STATI UNITI D’AMERICA
Gli USA erano un paese giovane, ben affermato e più modernizzato dell’Europa stessa.
L’agricoltura era molto fiorente grazie alla grande disponibilità, alle introduzioni tecniche e
alla manodopera schiavile. Il Nord-Est era fortemente industrializzato e stava iniziando a
portare avanti una strategia di commercio internazionale.
Gli USA si espansero in Ovest fino al Pacifico, a danno degli indios.

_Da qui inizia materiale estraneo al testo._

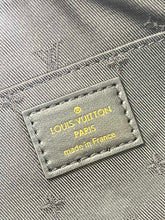 Load image into Gallery viewer, Louis Vuitton Papillon BB Bag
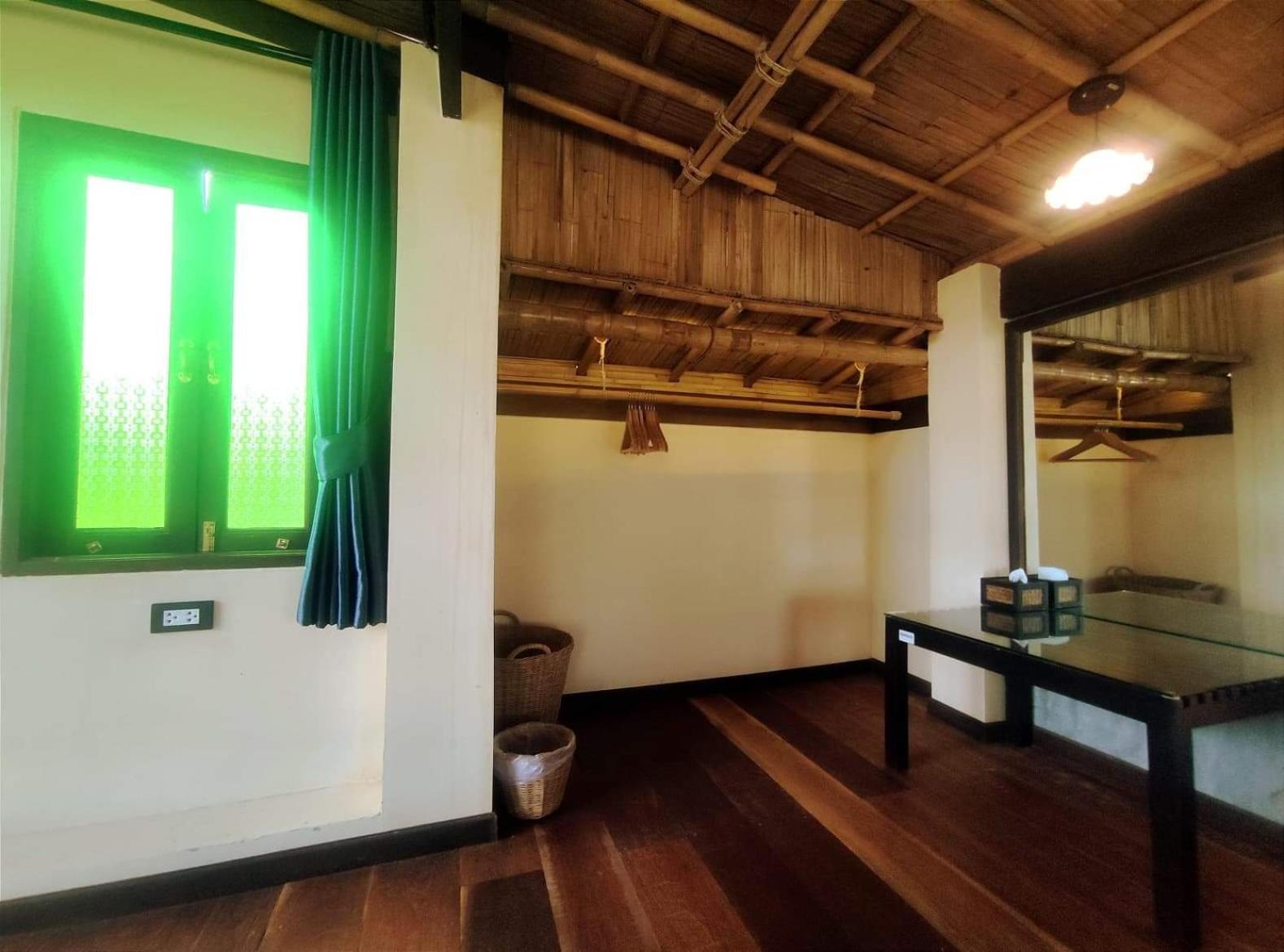 Relax House Lanta Old Town Hotel Koh Lanta Bagian luar foto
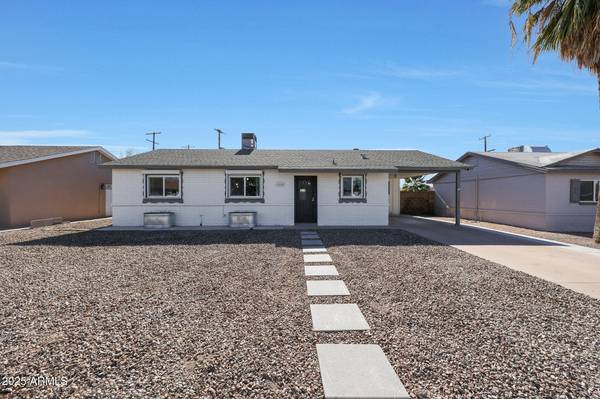 1865 W 3RD Place, Mesa, AZ 85201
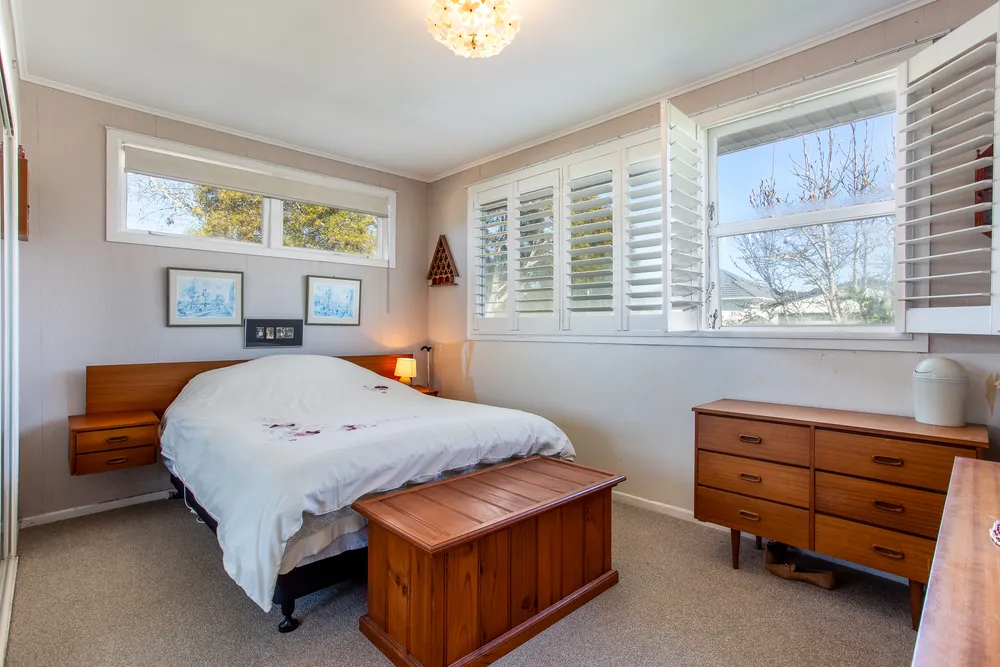 Photos of 3 Crocombe Crescent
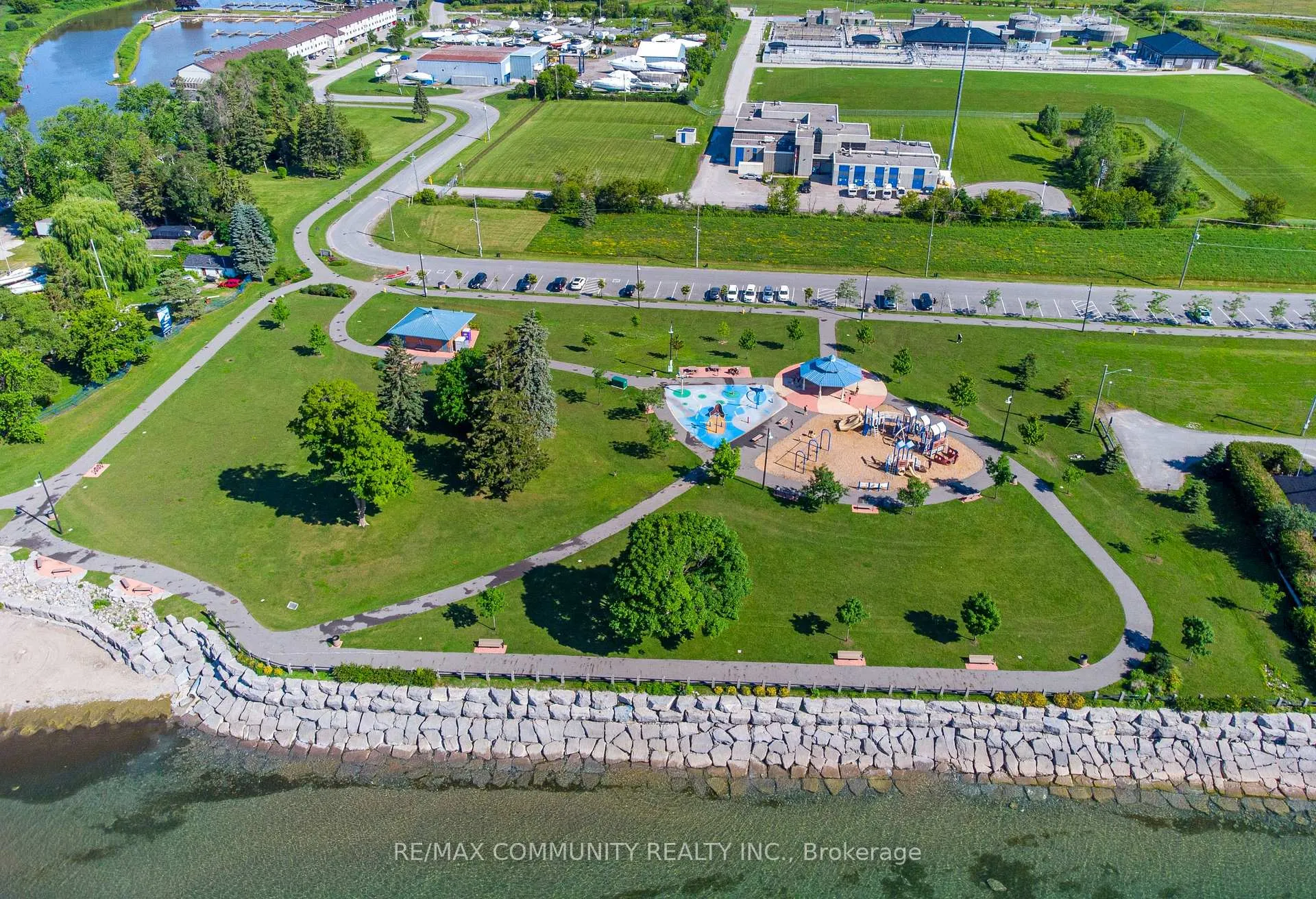 Photo 37 of 35 Yacht Drive, Clarington, Bowmanville — HOMEH
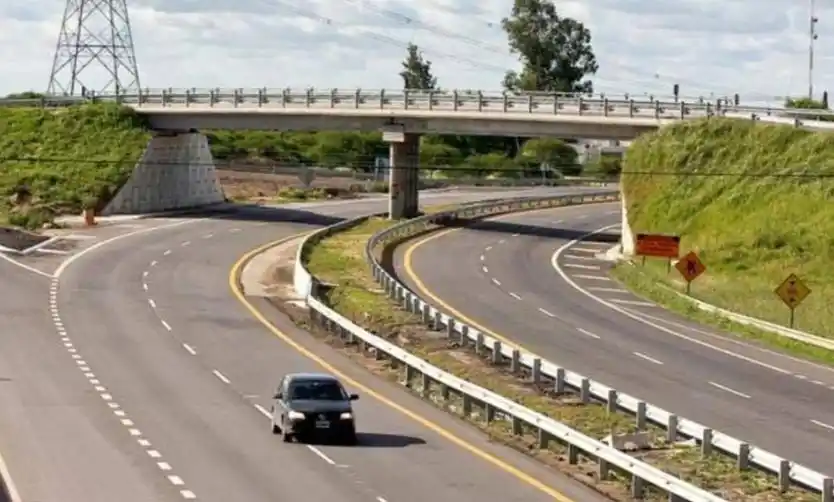 Llaman a licitación para concesionar las rutas que conectan con Brasil y Uruguay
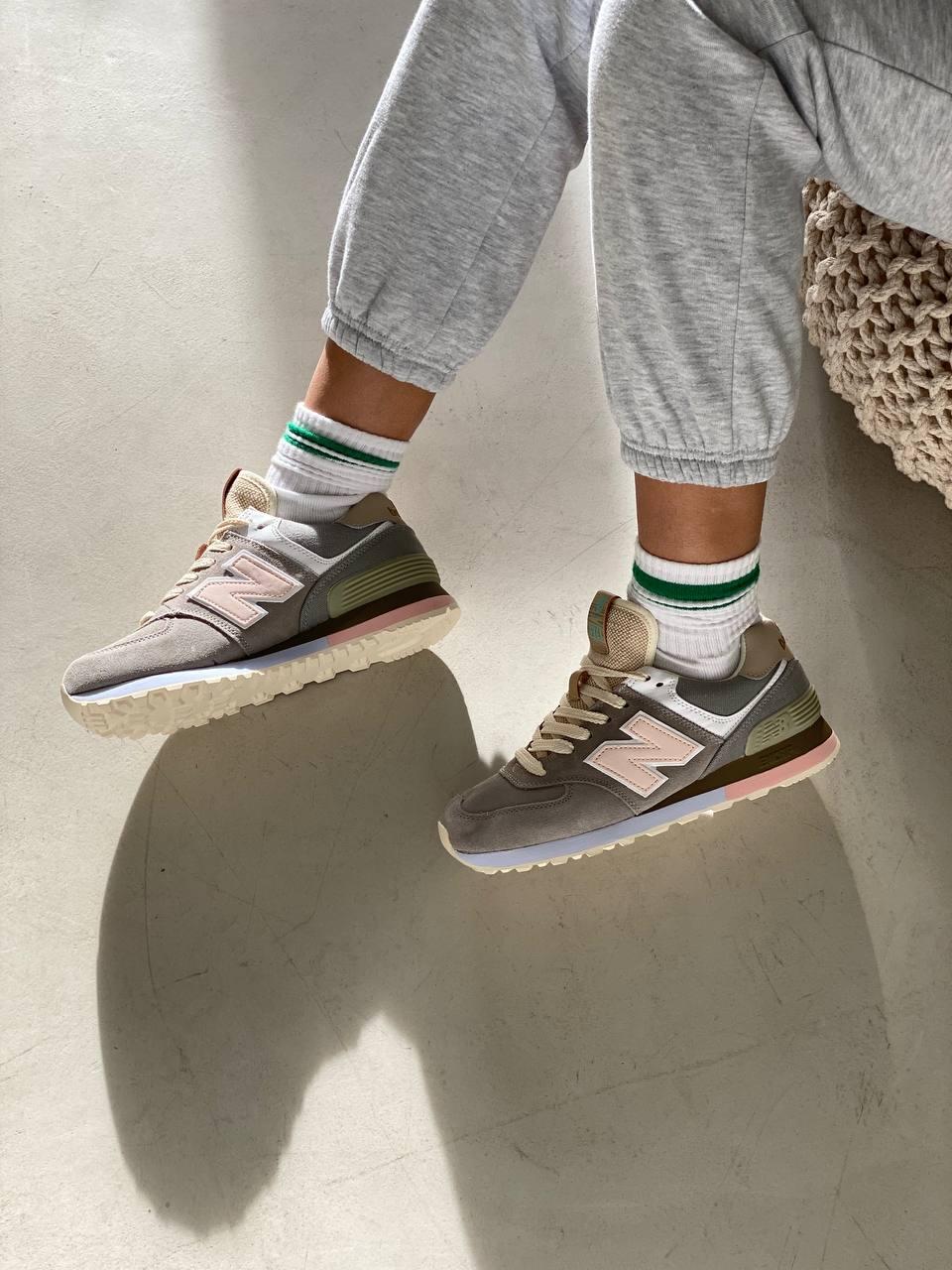 New Balance 574 Grey Beige Pink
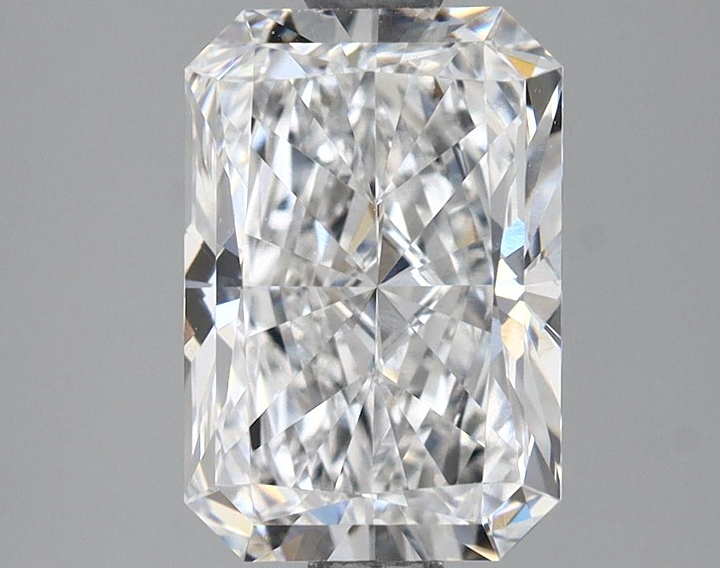 2.12 Carat Radiant Shaped Ideal Cut VVS2 IGI Certified Lab Grown Diamond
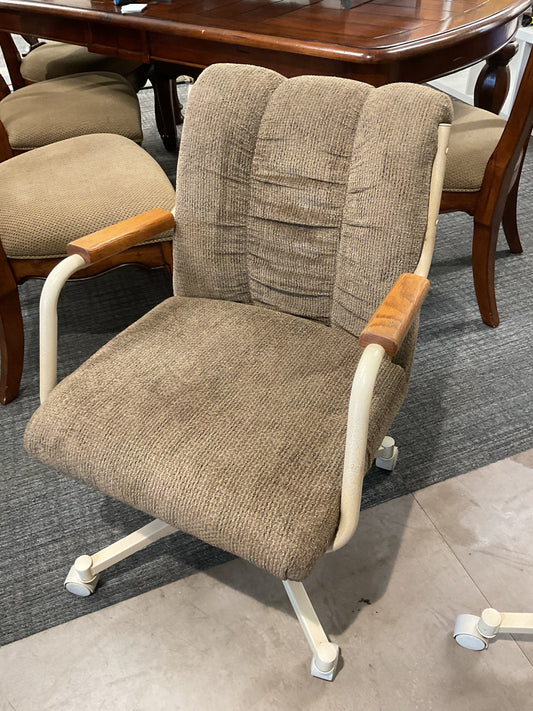 So 70s Roll Chair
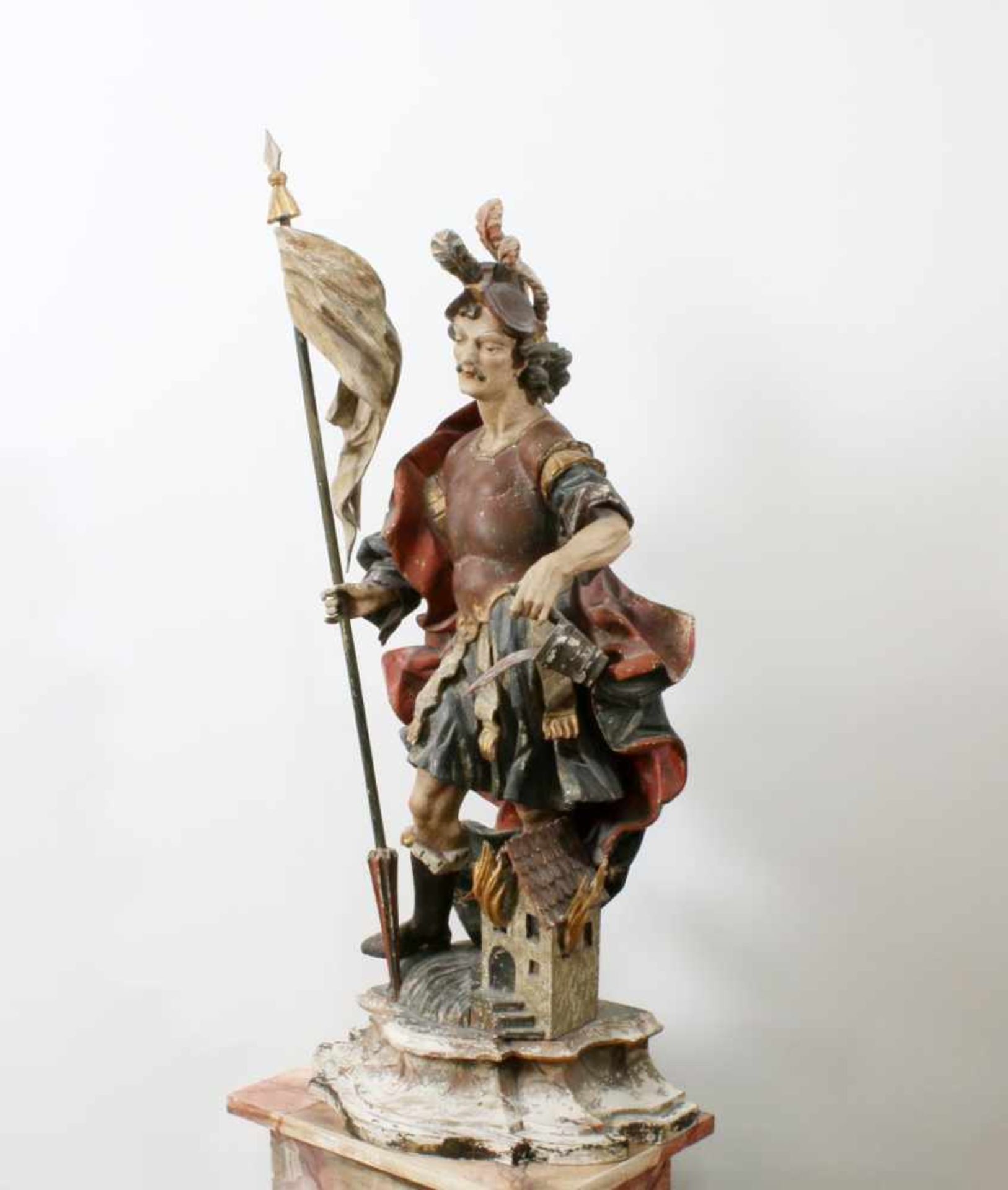 Große Holzfigur - St. Florian Gefällige Figur, aufwändig geschnitzt, in der rechten Spieß mit - Bild 2 aus 5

Nella seconda metà dell’800 ci furono molte riforme sociali e ambientali e molte attenzioni
verso l’ecologia.
GIAPPONE
Il Giappone si modernizzò e iniziò ad entrare in relazione con le altre potenze. Sotto
l’impero dello shogun il Giappone si era isolato, mentre si aprì sul panorama internazionale
nell’800, con l’ascesa di una classe dirigente innovativa e imprenditoriale che rinnovò
l’economia e mutò il sistema feudale in un sistema circoscrizionale. Si sancì l’uguaglianza
giuridica, si creò un esercito nazionale, si riformò la scuola e si implementò l’industria.
Si ebbe un piano di evoluzione tecnologico e tecnico parallelamente alla conservazione dei
valori tradizionale.
Tale rivoluzione fu imposta dall’alto, dai ceti dirigenti.
C’era comunque un divario tra ceto dirigente e popolazione.